Oh my goodness, that challenge went fast!  I can’t believe that we are at the end already.

I weighed in at 155 this morning, which is down a pound from last week.  Woohoo!

The question is, how’d I do on my goals?

Goal 1: Maintain Weight Between 153 – 157 pounds — I did this one every week!  100% on this one, baby!

Goal 2: Run 3 days a week, at least 3 miles each time — I didn’t do nearly as well as I wanted to on this one.  I kept coming up with reasons excuses not to run.  I only did this 9 out of the 18 time.  50%…not that great.
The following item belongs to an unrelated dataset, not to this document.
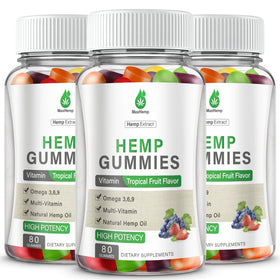 Gummies au chanvre MaxHemp pack de 3 paquets de 630g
Goal 3: No food after 9pm — I did pretty well with this one.  I met this goal 38 out of 42 days.  90% ain’t bad on this one and I definitely think it’s a habit.  I don’t even think about food at night anymore.

So, I’m thinking that means no yoga mat for me.  But that’s O.K.  I learned a lot this time around and I conquered 2 out of the 3 obstacles in front of me!

So how did you all do?  I can’t wait to hear!

Rethink Your Shrink – Week 5

I stand before you humbled, dear body of mine.

I can’t figure you out.

I thought sure after the eating and the lack of exercising that you would hate me.

I was convinced that I was so bloated that you could roll me down the driveway.

I “knew” that this morning you would let me know exactly how stupid I’ve been lately.

But alas, you fool me once again.

This morning, I weighed in at 156.  Still within my range.  Unbelievable!

But thank you, body.  Thank you.  I will never again question your mysterious ways.  From now on, I’m just going to roll with the punches and let you do your thing!

True Confession Tuesday

I could tell you about all the specific things I’ve done this week, but they all really boil down into just two categories:

  1. I’ve eaten like crap for the past several days.
  2. I’ve let me running schedule slack off.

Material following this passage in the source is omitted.